**Activity:** Find the line containing "208 S Neyland Rd, Liberty Lake, WA 99019", then print it and each line after it through the end of the listing exactly, with no pictures.

**Supplied information:**
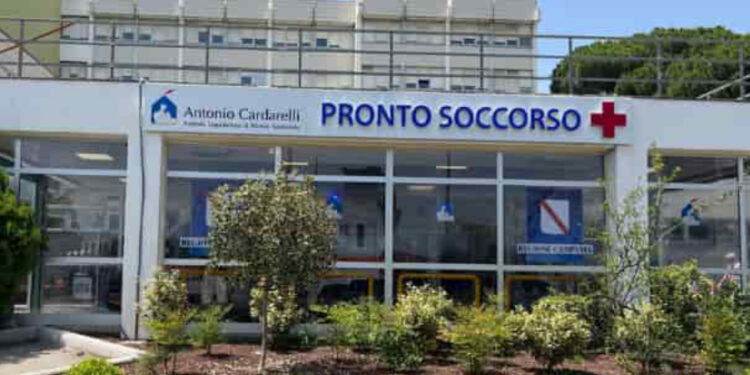 NAPOLI, PANICO ALL’OSPEDALE CARDARELLI: UN DETENUTO RICOVERATO AGGREDISCE POLIZIOTTI PENITENZIARI E PERSONALE SANITARIO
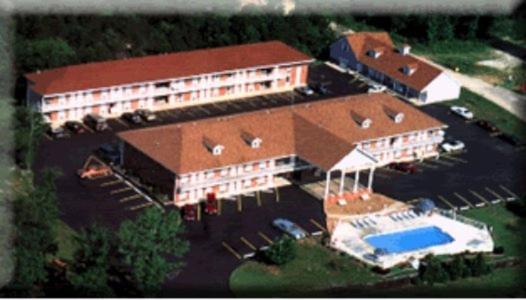 Twelve Oaks Inn 1/30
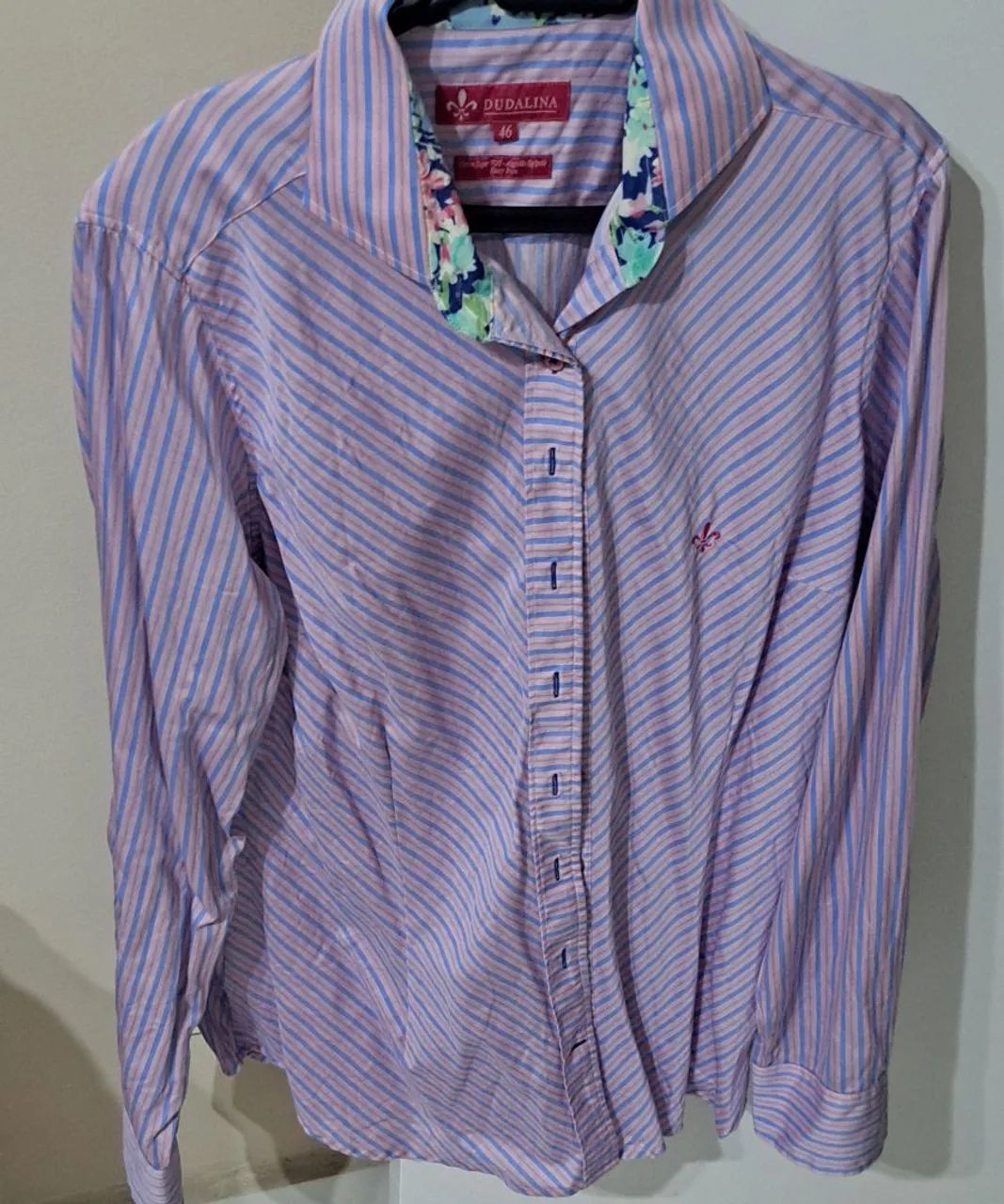 Camisa feminina  de marca 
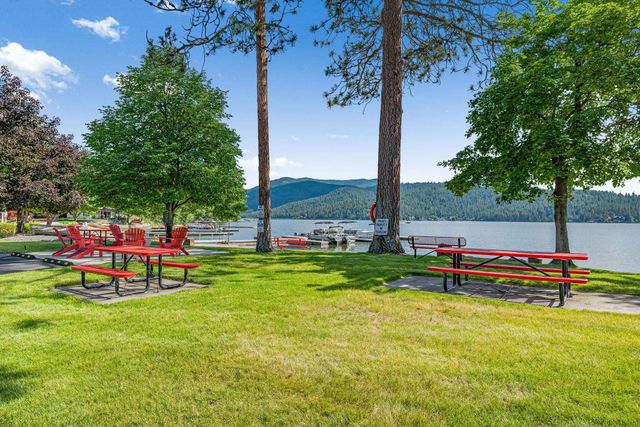 208 S Neyland Rd, Liberty Lake, WA 99019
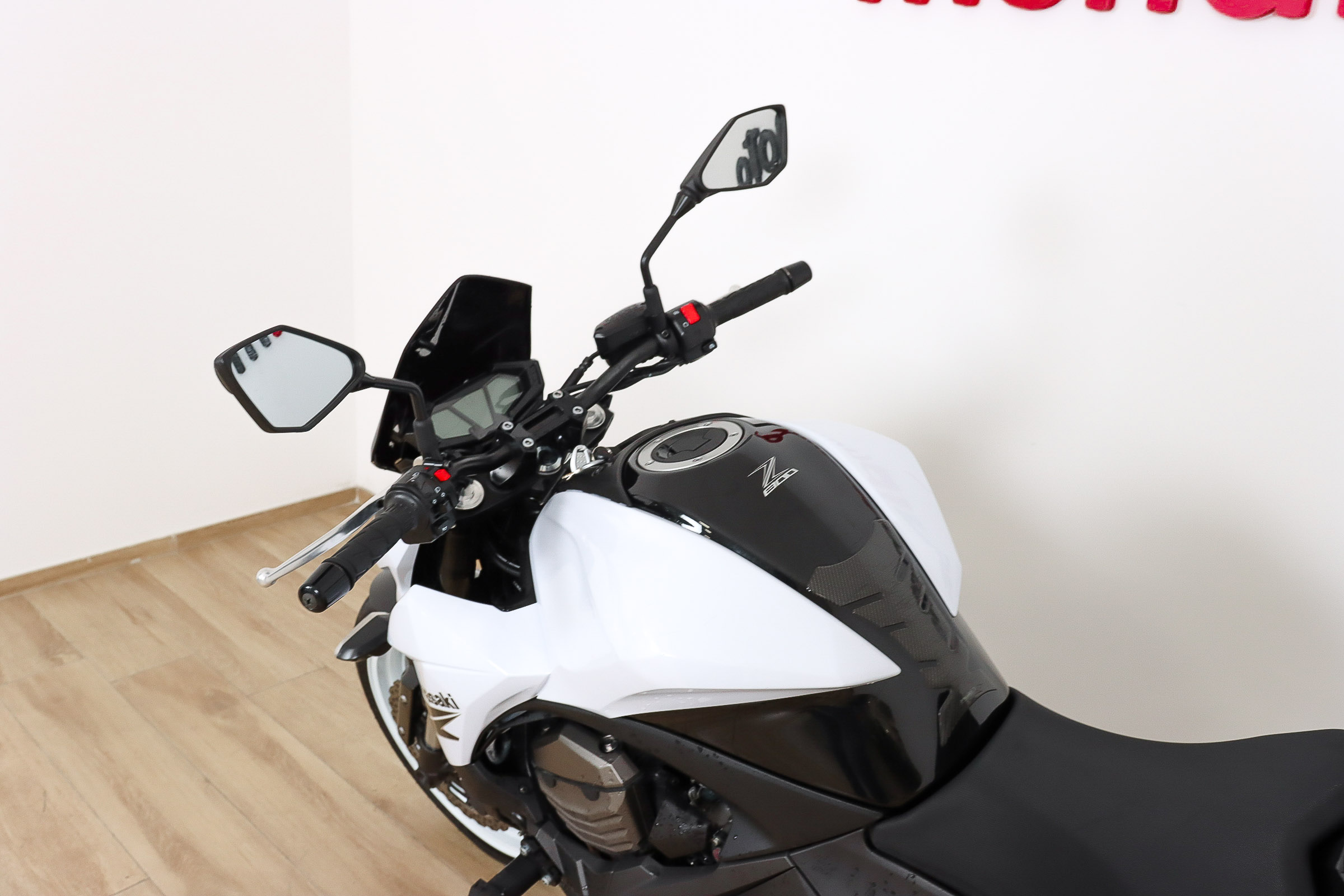 KAWASAKI Z 800KAWASAKI9 KAWASAKI Z 800KAWASAKI9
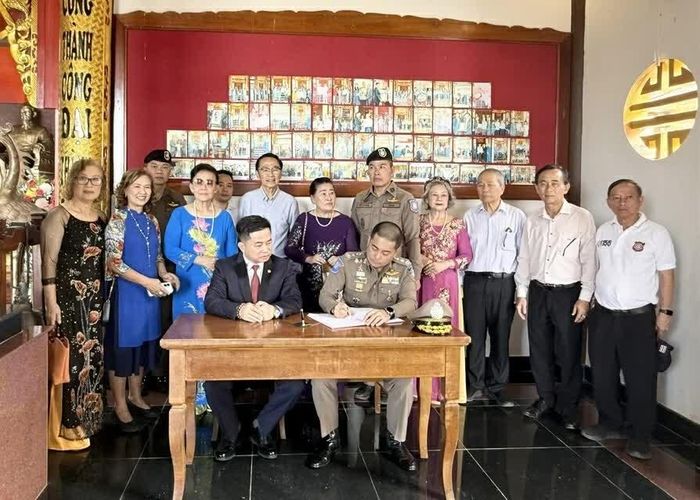 Trung tướng Thongsiam Meekhanthong xúc động ghi lưu bút, bày tỏ kính trọng đối với vị Lãnh tụ vĩ đại của nhân dân Việt Nam. (Nguồn: TLSQ Việt Nam tại Khon Kaen)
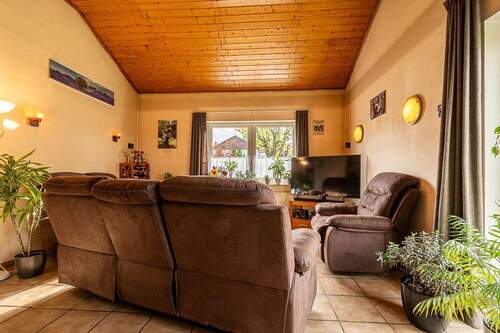 18353 Wohnzimmer - 6 Zimmer Mehrfamilienhaus, Wohnhaus in Walsdorf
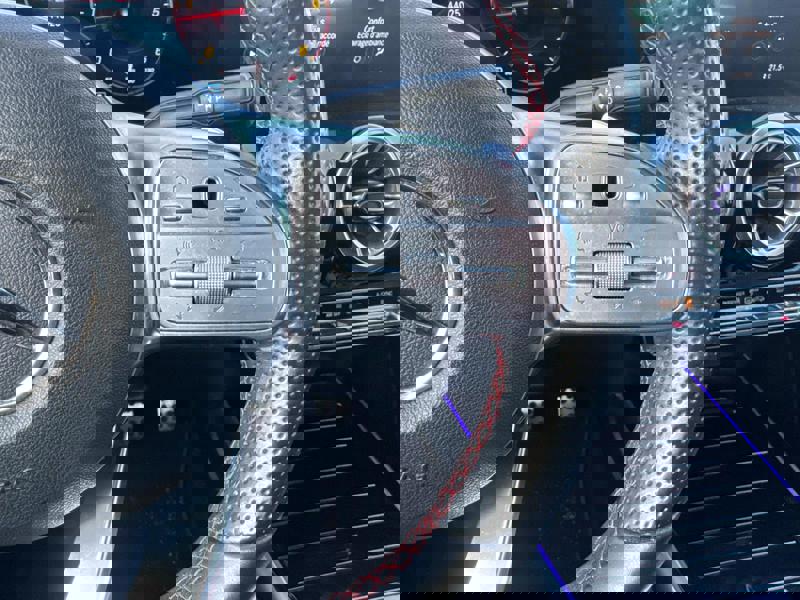 Image Mercedes-Benz GLA 200 d AMG Line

**Exercise solution:**
 208 S Neyland Rd, Liberty Lake, WA 99019
 KAWASAKI Z 800KAWASAKI9 KAWASAKI Z 800KAWASAKI9
 Trung tướng Thongsiam Meekhanthong xúc động ghi lưu bút, bày tỏ kính trọng đối với vị Lãnh tụ vĩ đại của nhân dân Việt Nam. (Nguồn: TLSQ Việt Nam tại Khon Kaen)
 18353 Wohnzimmer - 6 Zimmer Mehrfamilienhaus, Wohnhaus in Walsdorf
 Image Mercedes-Benz GLA 200 d AMG Line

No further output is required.